Ci troviamo in zone particolarmente vocate alla coltivazione: le particolari condizioni climatiche dell’area, abbinate alla fertilità dei terreni, sono in grado di conferire alla varietà romanesca del carciofo setino caratteristiche organolettiche particolari, che risultano generalmente molto gradite al palato. Ma quali sono i tratti distintivi che rendono il carciofo romanesco differente rispetto alle altre varietà e, ad esempio, rispetto al violetto?
«Gli elementi caratteristici – spiega Botticelli – sono da ricercare nella grandezza, nella pezzatura, nella colorazione violacea intensa. Si tratta inoltre di un carciofo che ha poche spine».
Vigorosa, resistente e dal portamento eretto, la pianta, tipica degli ambienti mediterranei e con ciclo produttivo autunno-primaverile, si adatta a tutti i tipi di terreno. Ogni pianta produce circa una quindicina di capolini (ovvero i frutti) di primo e secondo ordine, schiacciati e di uguali dimensioni. La raccolta è medio-precoce: si va da febbraio fino ai primi di maggio, che è poi il periodo in cui il prodotto si può acquistare anche nei punti vendita Unicoop Tirreno. Viene confezionato in mazzi con o senza foglie, in esposizione a trionfi, piramidi e casse.

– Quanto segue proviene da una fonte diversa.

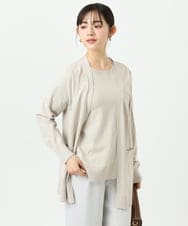 F1FGD30170 MK MICHEL KLEIN(小さいサイズ)(メゾン ドゥ サンク) 【小さいサイズ】カラーニットアンサンブル/洗える ベージュ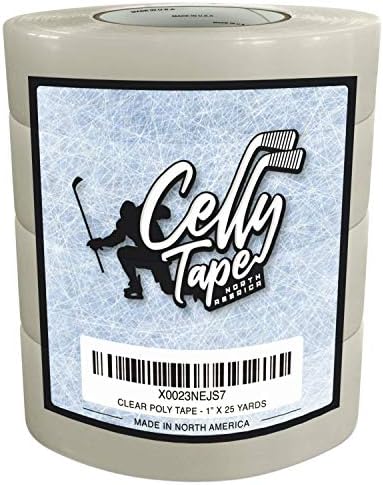 Hockey Tape Pack of 4 - Heavy Duty, Multi-Purpose Clothing Tape for Sports, Ice & Roller Hockey, Baseball Bat Tape, Durable and Reliable – Sport Tape Made in USA (1 Inch x 25 Yards) CellyTape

Infine, il carciofo romanesco vanta numerose proprietà benefiche: ha pochissime calorie e molte fibre, contiene una buona quantità di calcio, fosforo, magnesio e potassio.
È protettivo del fegato, diuretico, digestivo, depurativo e contiene molto ferro.
In romanesco
I diversi modi di cucinare i carciofi romaneschi, simbolo della tradizione laziale.
È uno dei contorni che identifica la cucina della Capitale: stiamo parlando, neanche a dirlo, dei carciofi alla romana. In questa ricetta i carciofi romaneschi, dopo essere stati immersi in un mix contenente prezzemolo, mentuccia e aglio, vengono cotti lentamente in pentola appoggiati sul proprio stelo, stretti l’uno accanto all’altro in modo da sorreggersi a vicenda.
Espressione della tradizione e cultura gastronomica ebraica e anch’essi simbolo di Roma, sono i carciofi alla giudia. Nella preparazione di questa prelibatezza i carciofi romaneschi vengono fritti in olio extravergine d’oliva. Una spruzzatina d’acqua fredda poco prima della fine della cottura conferisce alle foglie quella croccantezza che rappresenta un po’ l’elemento distintivo del piatto. Infine, una proposta più veloce da preparare, ma al tempo stesso molto amata, da gustare a casa o al ristorante, ovvero i carciofi crudi, tagliati a fettine fini e con un condimento che più semplice e leggero non si può: limone, olio, scaglie di parmigiano e, perché no?, un po’ di mentuccia.